### Information shown

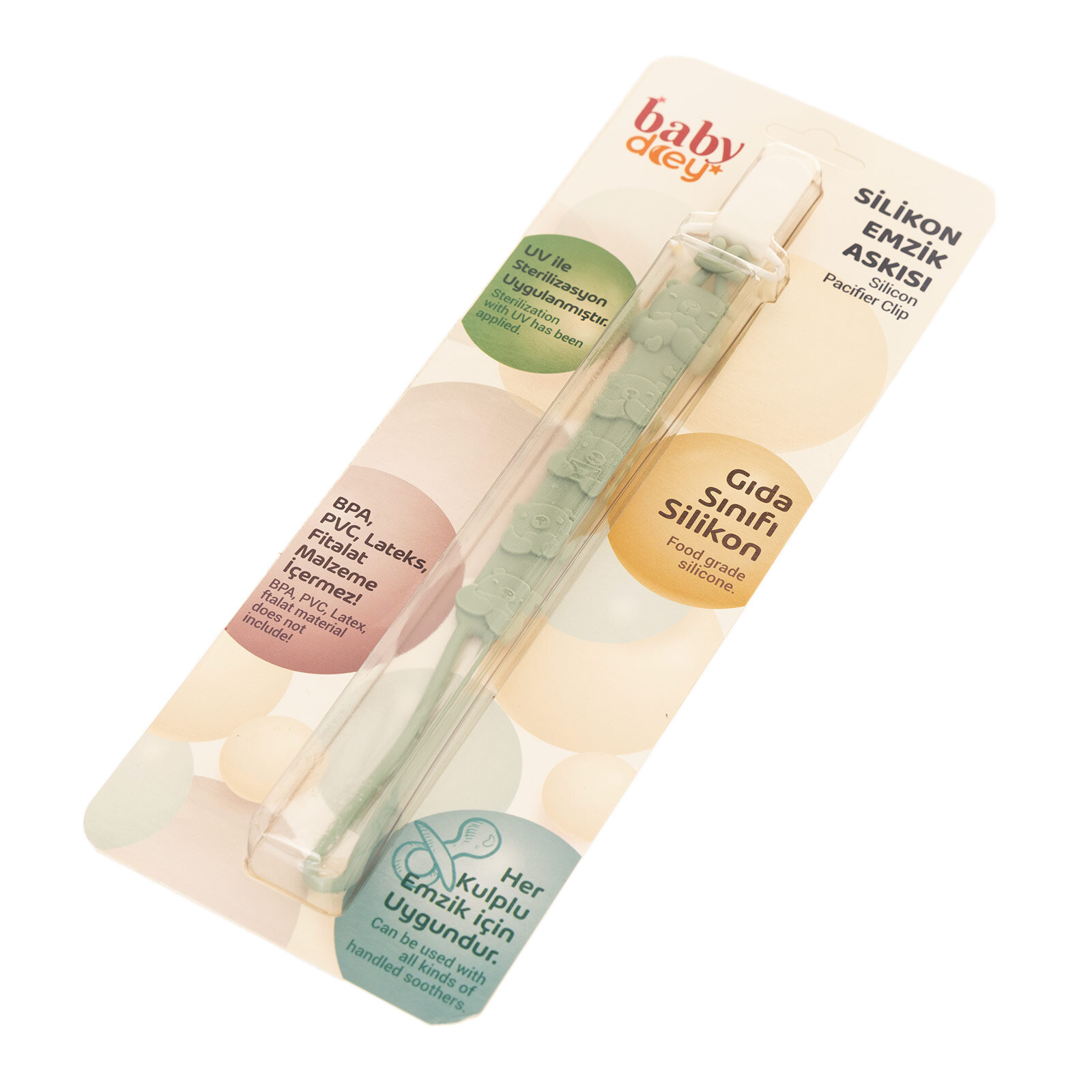 Silikon Emzik Askısı-Yeşil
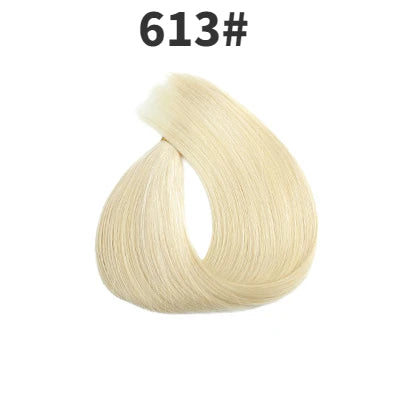 Bulk Hair Virgin Remy Straight 12-28inch Natural Blonde Hair | SYLVHAIR BY CHW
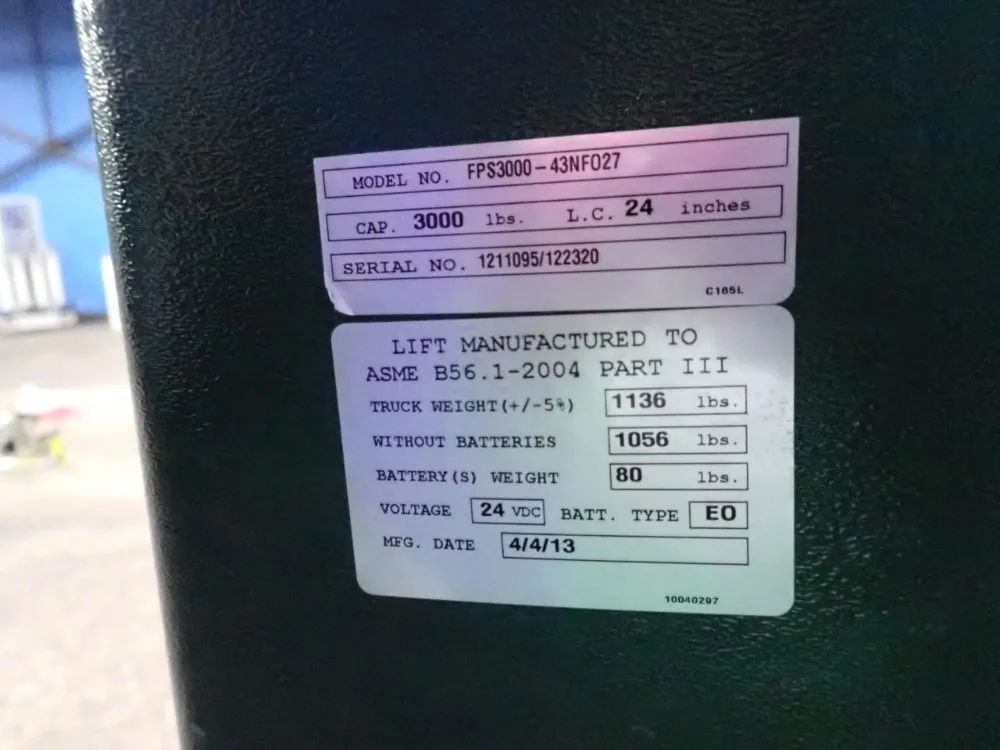 Southworth 3000 Lbs Walk Behind Lift - Fp53000-43nf027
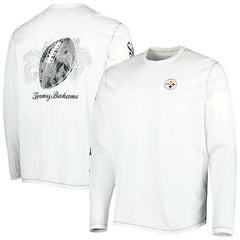 Pittsburgh Steelers Laces Out Billboard Long Sleeve T-Shirt White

######

## [What the exercise asks]
Could you restate exactly the lines from the line containing "Bulk Hair Virgin" through the end of the listing, both ends included and nothing else, leaving the images out?

## [Exercise answer]
 Bulk Hair Virgin Remy Straight 12-28inch Natural Blonde Hair | SYLVHAIR BY CHW
 Southworth 3000 Lbs Walk Behind Lift - Fp53000-43nf027
 Pittsburgh Steelers Laces Out Billboard Long Sleeve T-Shirt White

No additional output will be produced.